“The Most Expensive Hyphen in History.”
That was the title I ran across in a Google search as I was editing and designing a recent issue of The Christian Appeal, the monthly devotional magazine my brother and I edit.
The “hyphen” in question was actually an “overbar” (“hyphen” to most of us) that a programmer failed to properly copy into “coded computer instructions” in the “data editing program” that allowed faulty guidance instructions to be sent to . . . guess what? A space probe! None other than NASA’s Mariner 1.
Launched in 1962, Mariner 1 was supposed to head for Venus for America’s first planetary “fly by.” Unfortunately for the 18.2 million dollar (1962 dollars!) spacecraft, the missing hyphen caused such serious guidance problems that the spacecraft had to be destroyed just 294.5 seconds into the flight. (Mariner 2 would later do the job right.)
The whole hyphen incident seems to have taken on something of “urban legend” status, clouding fact and fiction. But Mariner 1 did indeed become expensive toast, and, though the reality may well be more complicated, a single hyphen has often received the blame.

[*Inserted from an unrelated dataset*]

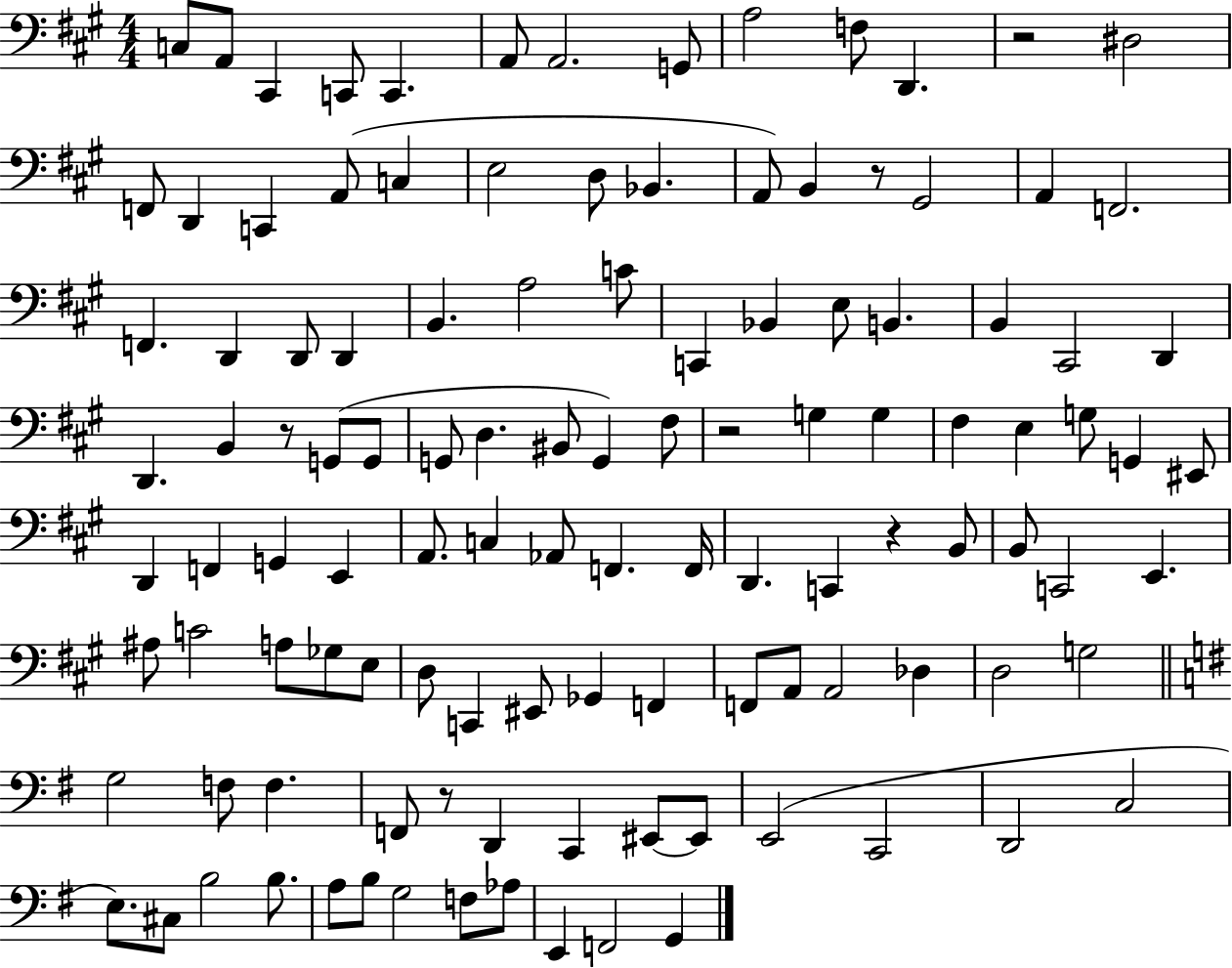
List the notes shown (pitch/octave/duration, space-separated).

C3/e A2/e C#2/q C2/e C2/q. A2/e A2/h. G2/e A3/h F3/e D2/q. R/h D#3/h F2/e D2/q C2/q A2/e C3/q E3/h D3/e Bb2/q. A2/e B2/q R/e G#2/h A2/q F2/h. F2/q. D2/q D2/e D2/q B2/q. A3/h C4/e C2/q Bb2/q E3/e B2/q. B2/q C#2/h D2/q D2/q. B2/q R/e G2/e G2/e G2/e D3/q. BIS2/e G2/q F#3/e R/h G3/q G3/q F#3/q E3/q G3/e G2/q EIS2/e D2/q F2/q G2/q E2/q A2/e. C3/q Ab2/e F2/q. F2/s D2/q. C2/q R/q B2/e B2/e C2/h E2/q. A#3/e C4/h A3/e Gb3/e E3/e D3/e C2/q EIS2/e Gb2/q F2/q F2/e A2/e A2/h Db3/q D3/h G3/h G3/h F3/e F3/q. F2/e R/e D2/q C2/q EIS2/e EIS2/e E2/h C2/h D2/h C3/h E3/e. C#3/e B3/h B3/e. A3/e B3/e G3/h F3/e Ab3/e E2/q F2/h G2/q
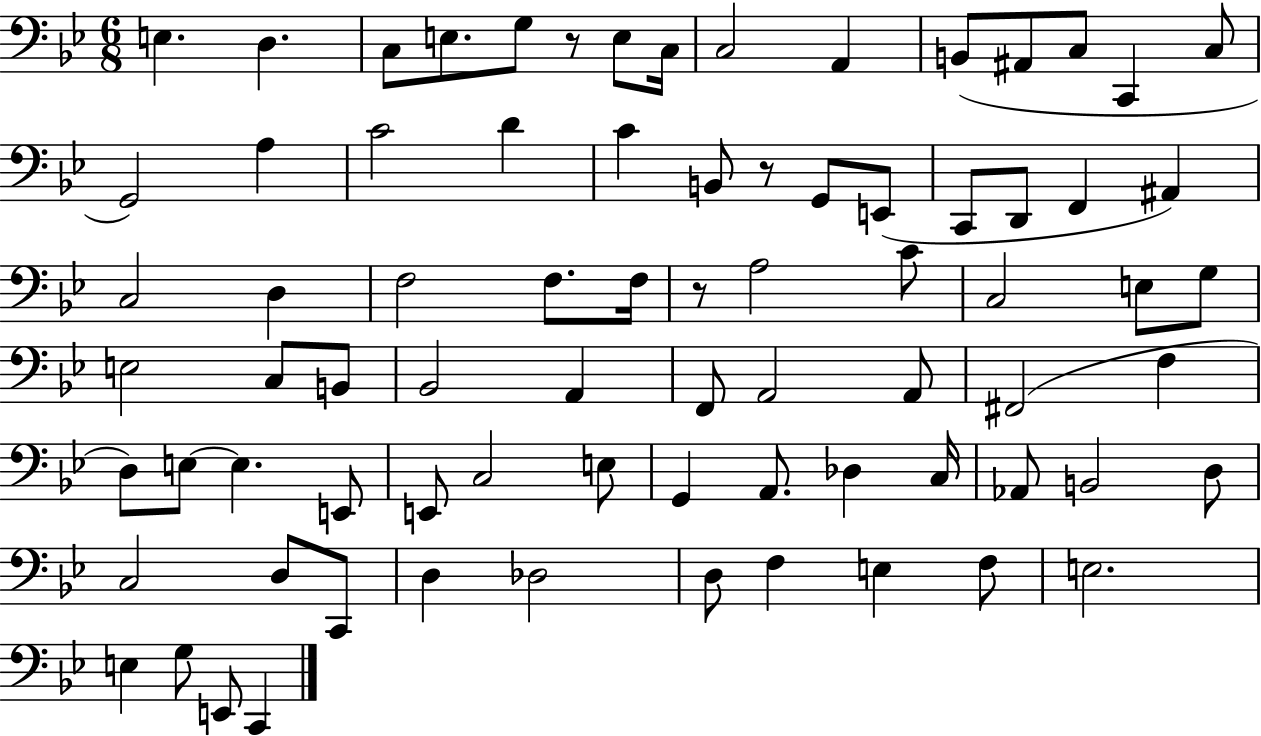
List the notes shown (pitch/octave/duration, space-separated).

E3/q. D3/q. C3/e E3/e. G3/e R/e E3/e C3/s C3/h A2/q B2/e A#2/e C3/e C2/q C3/e G2/h A3/q C4/h D4/q C4/q B2/e R/e G2/e E2/e C2/e D2/e F2/q A#2/q C3/h D3/q F3/h F3/e. F3/s R/e A3/h C4/e C3/h E3/e G3/e E3/h C3/e B2/e Bb2/h A2/q F2/e A2/h A2/e F#2/h F3/q D3/e E3/e E3/q. E2/e E2/e C3/h E3/e G2/q A2/e. Db3/q C3/s Ab2/e B2/h D3/e C3/h D3/e C2/e D3/q Db3/h D3/e F3/q E3/q F3/e E3/h. E3/q G3/e E2/e C2/q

So, you see, the moral of the story is clearly that, while computer programmers are a dime a gigabyte, what the world really needs are more conscientious English majors with a flare for proofreeding. (Make that “a flair for proofreading,” lest this column go off-course and crash into innocent bystanders.)
I hate proofreading, but what I hate worse is wading through slop published by careless proofreaders. Our little magazine gets proofread at least four times before it hits print. I dare anyone to find a cleaner publication (in any sense). But it still drives me crazy when I’m reading through an issue later and am hit in the face by an extra space that managed to creep in and hitch a ride to publication between two words that needed only one space.

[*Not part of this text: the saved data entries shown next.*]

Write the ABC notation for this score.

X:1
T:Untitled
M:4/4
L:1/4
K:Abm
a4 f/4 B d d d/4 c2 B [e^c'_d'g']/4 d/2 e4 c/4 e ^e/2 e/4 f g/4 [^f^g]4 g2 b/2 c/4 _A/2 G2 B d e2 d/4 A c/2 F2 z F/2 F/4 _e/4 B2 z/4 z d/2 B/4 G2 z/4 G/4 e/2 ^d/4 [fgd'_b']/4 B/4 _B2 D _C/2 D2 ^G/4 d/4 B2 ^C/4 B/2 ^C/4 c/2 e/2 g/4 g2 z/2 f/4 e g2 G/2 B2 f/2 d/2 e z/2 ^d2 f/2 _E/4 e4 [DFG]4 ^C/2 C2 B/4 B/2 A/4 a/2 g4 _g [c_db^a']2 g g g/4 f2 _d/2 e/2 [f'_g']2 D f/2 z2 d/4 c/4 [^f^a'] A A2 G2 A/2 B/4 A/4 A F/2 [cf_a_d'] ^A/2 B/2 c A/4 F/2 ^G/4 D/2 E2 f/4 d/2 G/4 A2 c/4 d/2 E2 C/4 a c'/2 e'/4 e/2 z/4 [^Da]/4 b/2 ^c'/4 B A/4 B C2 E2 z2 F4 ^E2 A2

Grammar is another issue, and one that recently almost caused a rift in the family. (You need to understand that my family plays Scrabble as blood sport.) My younger brother Jim wrote the sentence. Editor Me passed it on. Older brother Editor Gene flagged it to be fixed. Here’s the original: “I’ve become acutely aware of the chaos so many ‘loose ends’ tends to create.” The question: “tends” or “tend”? It’s a subject-verb agreement issue. Brother Jim thinks “chaos” is doing the tending. Brother Gene thinks the “loose ends” tend. I just tend to be confused, but I bowed to seniority and went with “tend.” I just hope the issue doesn’t go off course and blow up if that’s wrong.
Mistakes do creep in, don’t they? In print. And, heaven knows, in life. Thank God that he didn’t forget to cross the most important T. We call it the Cross. The gift of God’s Son. Truly amazing GRACE. And, yes, that’s supposed to be all caps. (But Gene says italics would’ve been better.)